■ **GOAL OF THE EXERCISE**: Go to the line containing "বরিশালে মুসলিম ও" below; retype it and all following lines exactly, and leave out the pictures.

■ **RECORDS SHOWN**:
________

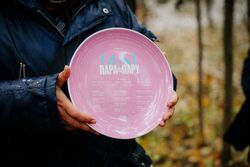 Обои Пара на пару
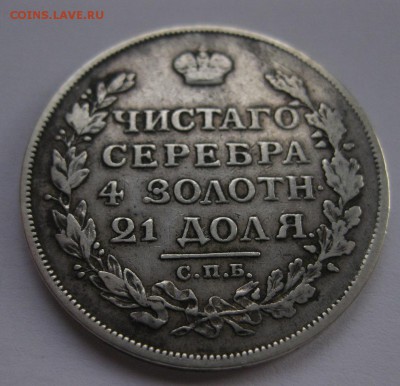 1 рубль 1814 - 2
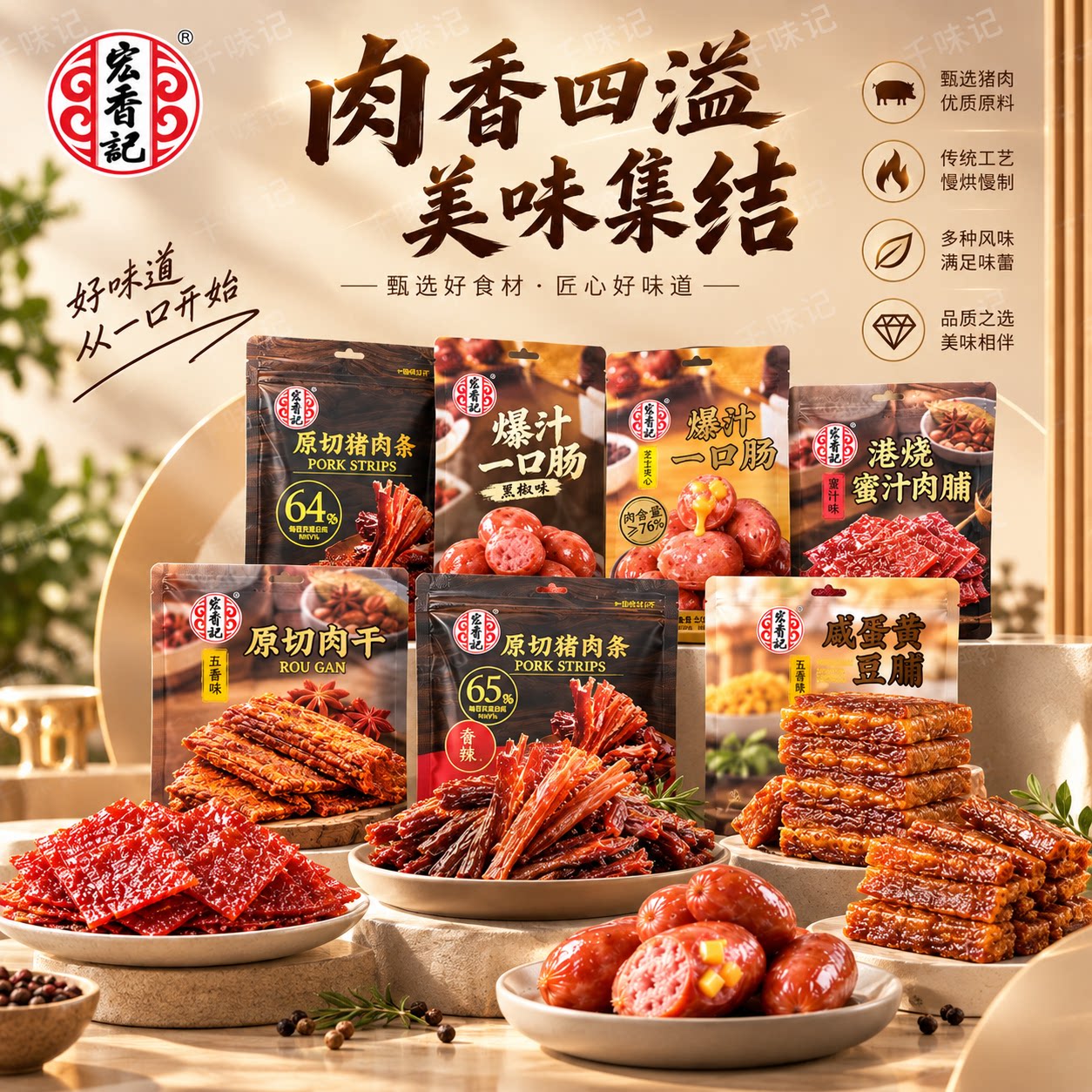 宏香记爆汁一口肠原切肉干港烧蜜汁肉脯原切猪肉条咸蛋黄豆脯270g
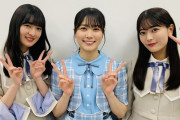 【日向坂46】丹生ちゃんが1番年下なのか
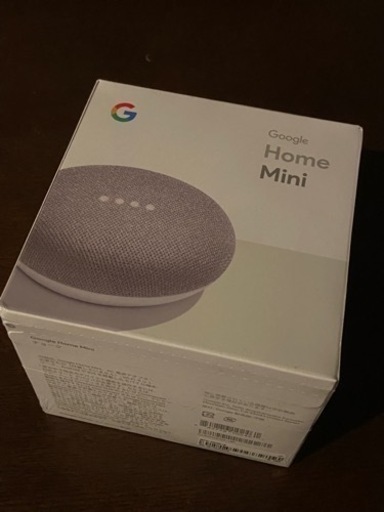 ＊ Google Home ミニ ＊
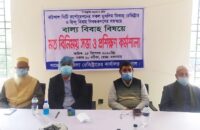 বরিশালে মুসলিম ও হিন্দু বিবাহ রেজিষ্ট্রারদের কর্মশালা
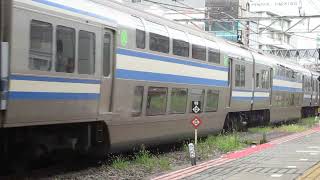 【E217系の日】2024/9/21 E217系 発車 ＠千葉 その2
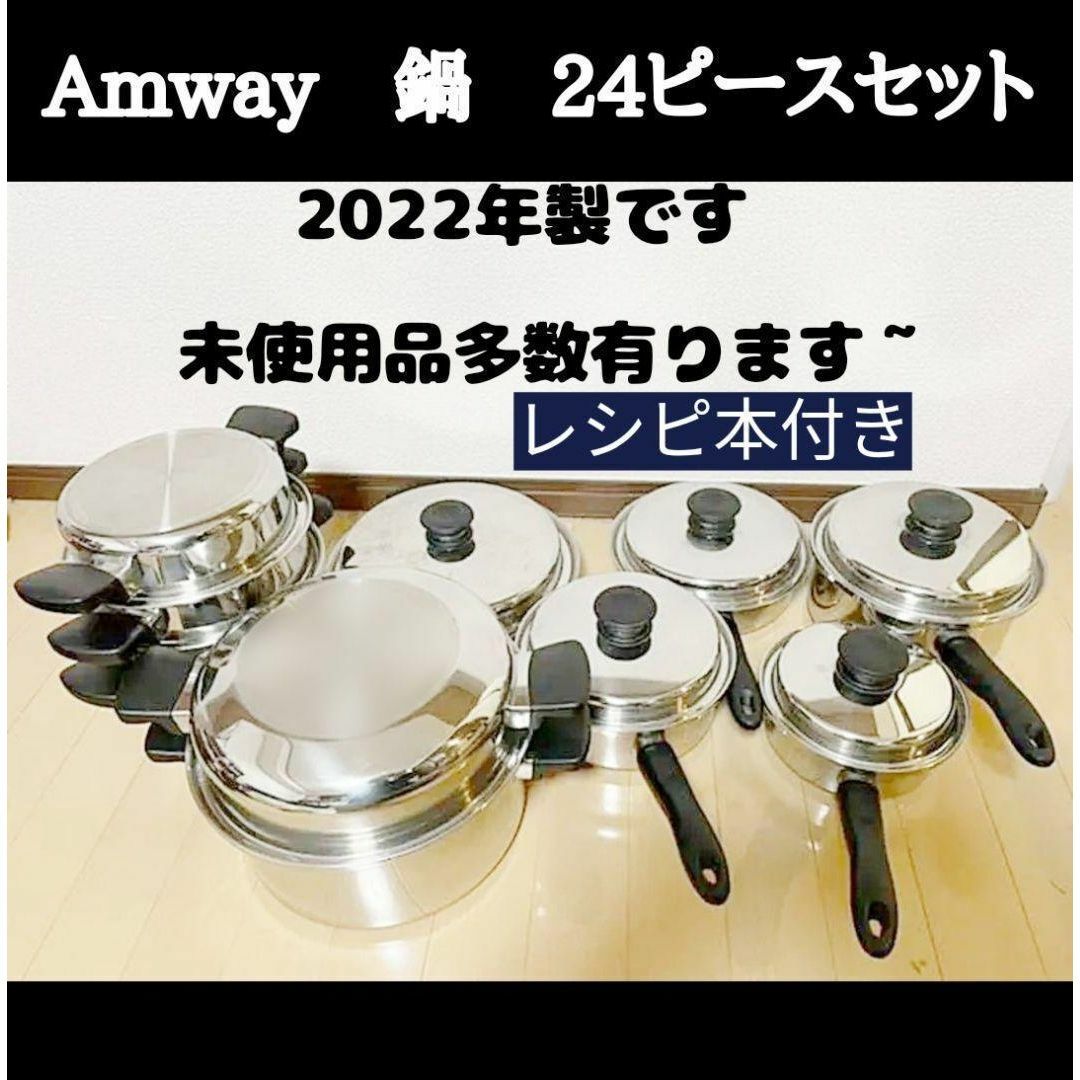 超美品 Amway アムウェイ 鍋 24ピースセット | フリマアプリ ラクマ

________

■ **ANSWER TO THE EXERCISE**:
 বরিশালে মুসলিম ও হিন্দু বিবাহ রেজিষ্ট্রারদের কর্মশালা
 【E217系の日】2024/9/21 E217系 発車 ＠千葉 その2
 超美品 Amway アムウェイ 鍋 24ピースセット | フリマアプリ ラクマ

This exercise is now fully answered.